An arts commissioning programme established to get more people creating and enjoying art in Pennine Lancashire has announces its ambitious programme for 2016.

Idle women aboard floating arts centre Selina Cooper

Programme highlights include:

  • A specially commissioned Rhapsody to mark the bicentennial of the Leeds & Liverpool Canal
  • Kinara Festival, a month of events exploring Islamic art and culture
  • A mass participation project drawing on the diverse vocal traditions of the area led by US artist Suzanne Lacy
  • Stephen Turner's Exbury Egg, a self-sustaining workspace

Two hundred years ago the canal was the artery that fed the Industrial Revolution in Pennine Lancashire. Now, Super Slow Way seeks to start a creative revolution, this time powered by art and people.

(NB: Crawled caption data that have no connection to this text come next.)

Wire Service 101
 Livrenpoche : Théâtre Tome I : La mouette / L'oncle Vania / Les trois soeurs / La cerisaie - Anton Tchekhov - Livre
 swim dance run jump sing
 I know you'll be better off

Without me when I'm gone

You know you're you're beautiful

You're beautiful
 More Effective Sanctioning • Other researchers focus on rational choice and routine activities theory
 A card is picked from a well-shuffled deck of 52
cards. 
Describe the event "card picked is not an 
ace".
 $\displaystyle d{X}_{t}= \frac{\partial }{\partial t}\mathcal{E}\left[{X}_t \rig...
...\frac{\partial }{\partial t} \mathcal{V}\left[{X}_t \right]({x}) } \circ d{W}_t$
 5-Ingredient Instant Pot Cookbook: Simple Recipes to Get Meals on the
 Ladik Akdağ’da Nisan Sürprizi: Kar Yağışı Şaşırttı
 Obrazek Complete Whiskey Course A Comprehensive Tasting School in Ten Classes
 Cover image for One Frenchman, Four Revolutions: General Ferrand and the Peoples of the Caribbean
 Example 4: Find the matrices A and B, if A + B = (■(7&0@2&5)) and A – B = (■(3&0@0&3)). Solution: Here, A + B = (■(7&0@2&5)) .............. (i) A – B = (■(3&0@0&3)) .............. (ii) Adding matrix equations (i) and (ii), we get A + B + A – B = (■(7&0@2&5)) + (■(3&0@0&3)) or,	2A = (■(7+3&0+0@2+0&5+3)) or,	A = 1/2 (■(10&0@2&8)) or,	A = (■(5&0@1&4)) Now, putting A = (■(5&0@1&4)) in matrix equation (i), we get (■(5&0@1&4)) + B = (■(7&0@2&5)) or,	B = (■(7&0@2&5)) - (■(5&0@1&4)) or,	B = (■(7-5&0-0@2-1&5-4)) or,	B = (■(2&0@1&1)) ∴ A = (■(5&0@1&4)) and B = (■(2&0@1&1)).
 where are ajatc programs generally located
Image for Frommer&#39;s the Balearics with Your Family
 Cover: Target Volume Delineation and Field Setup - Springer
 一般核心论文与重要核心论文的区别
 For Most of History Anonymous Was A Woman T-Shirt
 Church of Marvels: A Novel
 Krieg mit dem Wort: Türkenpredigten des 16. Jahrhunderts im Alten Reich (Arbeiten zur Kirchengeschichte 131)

Super Slow Way's range of events and residencies for 2016 respond to three themes inspired by the canal. Manufacturing past and present, the natural environment and the digital world. Above all, as the name suggests, the projects will give space and time to artists and communities to develop ideas, form relationships and experiment with new approaches.

Today marks the culmination of a year's work and collaboration with local communities along the canal, with new elements of the programme being announced to run alongside projects already underway. This includes idle women's floating arts centre for women and girls, currently hosting resident artist Martina Mullaney, her daughter and her dog who will be staying on the boat Selina Cooper for the next three months, working with women's groups in the Burnley area.

Super Slow Way Director Laurie Peake has been working on developing this groundbreaking programme since she came on board 16 months ago. She says: “Since its beginnings as an idea among local artists and organisations, Super Slow Way has grown into a fully formed, ambitious programme that I am delighted to be announcing today.

“Over the last year, we have sparked hundreds of relationships with communities along the canal in Pennine Lancashire. Collaboration and transformation are at the heart of our programme. Together with artists, our partner organisations and thousands of participants we aim to spark a slow revolution in 2016, the year of the Bicentenary of the Leeds & Liverpool Canal: the inspiration behind our name.”